IO9 believes WB shouldn't adapt third-tier DC heroes for movies just because they're not widely known

A writer for IO9 spoke about possible plans Warner Brothers has for adapting lesser known DC titles and characters into movies. But while there are some logical reasons he has for being worried, his main objection is silly. First, here's the better part of the argument:
But it's not a good idea, on many, many levels. First of all, while Warner Bros. certainly has its strengths, making smaller motion pictures — at least successful ones — is not one of them. The studio is just too big to make small movies well, and the company is too dependent on major blockbusters to keep afloat for them to want to spend the time to get better at them. Minimizing their resources on these comic book movies will doom them to fail from the very beginning — we can look to Jonah Hex and Catwoman for proof.

And those two box office bombs were made far apart. Does anyone really think that DC/WB can handle three lesser superhero movies a year, when they still can't do Wonder Woman, Aquaman, The Flash, or Justice League? (Or do Green Lantern right?) Trying to create that high output when they can't do more than one big budget Batman or Superman movie every couple of years is preposterous.
Okay, they got something going there. WB lost the confidence of many based on the performance of everybody involved in the making of third-tier properties like Catwoman and Jonah Hex, because those movies were pure hack work, riddled with studio interference. For the latter, I figure what doomed it was that they would not take risks and only go for a PG-13 rating when they could always have edited it for an R-rating.
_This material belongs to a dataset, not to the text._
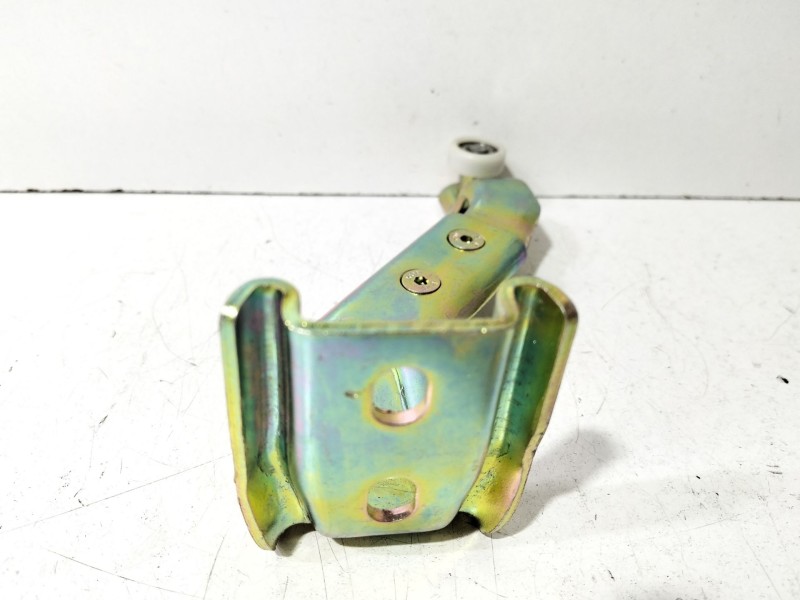 Recambio de soporte / guia puerta corredera para mercedes-benz sprinter (w901,w903) combi 312 d (903.471-472) referencia OEM IAM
Okay, maybe they didn't have to go that far, but the violence, as I discovered, was so muted that they undermined the whole tale when this was a product where they didn't have to hold back so much. From an artistic perspective, there was even a liberal bent lurking beneath the surface that could've doomed it too: Jonah tried to stop his commander, Turnbull, from blowing up a hospital and cost his son his life, to which Turnbull responds by slaying his family and scarring him. Later, as played by Josh Brolin, he's depicted as so unlikable and vicious to people who even remotely irritate him, gunning down a man asking what happened to his face and destroying a town, that one has to wonder if the writing committee for that movie was suggesting it was wrong to try defending the innocent inhabitants of that medical center.
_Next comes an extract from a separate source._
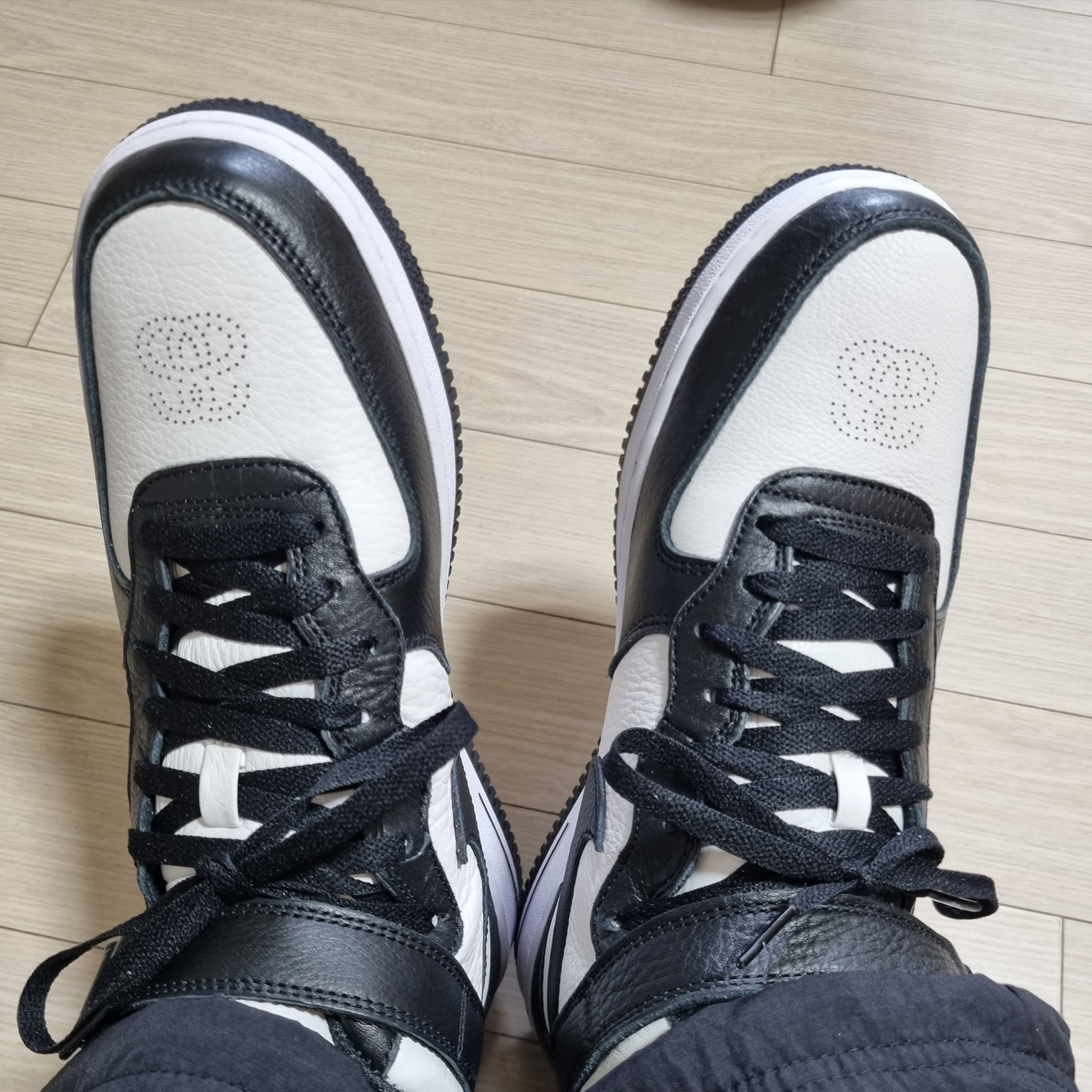 Nike x Stussy Air Force 1 '07 Mid SP Black and Light Bone 착용 스타일
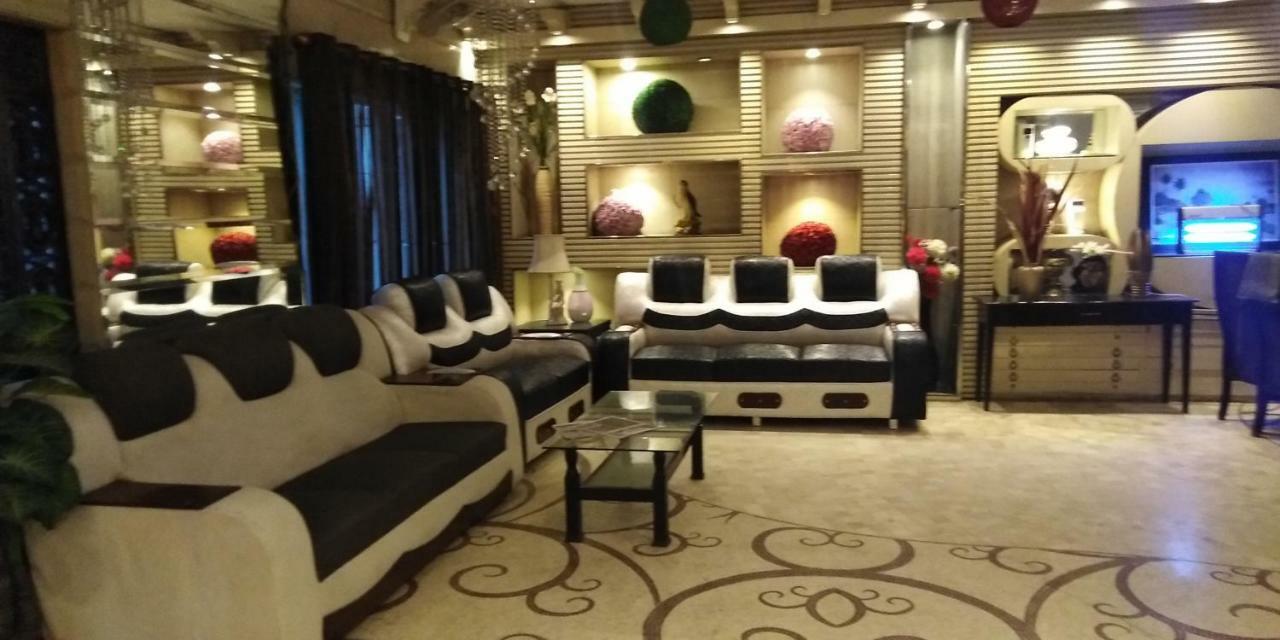 Gulberg Continental Hotel Lahore Ngoại thất bức ảnh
Now, for the laughable part of the argument:
But say Warner Bros. makes these movies, and say they're actually good (because even in my wildest imagination I can't in good conscience pretend they'll be great). Here's the problem: Making three good DC movies about these lesser-known superheroes will not achieve the same things as one successful major DC movie. That is to say, Deathstroke, Booster Gold and Suicide Squad movies, no matter how good they are, will [n]ever equal one good Wonder Woman movie. They won't make more money. They won't raise brand awareness. They won't get the attention, or the acclaim, or the press, or the love. Period.
Note to somebody who's obviously been living far out on Pluto for a long time: even the most successful comic movies haven't raised awareness of their brands and source material, haven't boosted their pamphlet sales, nor have they made them genuinely recognizable. The Daredevil, Elektra, Fantastic Four and Ghost Rider movies did not succeed, but even if they had, there's little chance anybody would go racing to buy the comics and even Marvel-based movies have failed. It's already become apparent that many moviegoers have no interest in the comics per se, due in no small part to the rash of bad writing and editing that's brought them down.

In any case, I thought the important part was making an entertaining movie, not worrying about recognizability. When Marvel made Blade in 1998, the beginning of their serious forays into major movies, what made it work was that people obviously thought the screenplay was a success, and didn't base their judgement on the popularity rank of the hero. You could make a movie out of Adam Strange and it could work out well; they don't even have to have the Zeta-Beam work the way it did in the early tales. There are liberties you can take with the source material, and of course it doesn't have to follow the comics scene for scene, component for component, just like there all sorts of novels adapted to film that differ from the original manuscript.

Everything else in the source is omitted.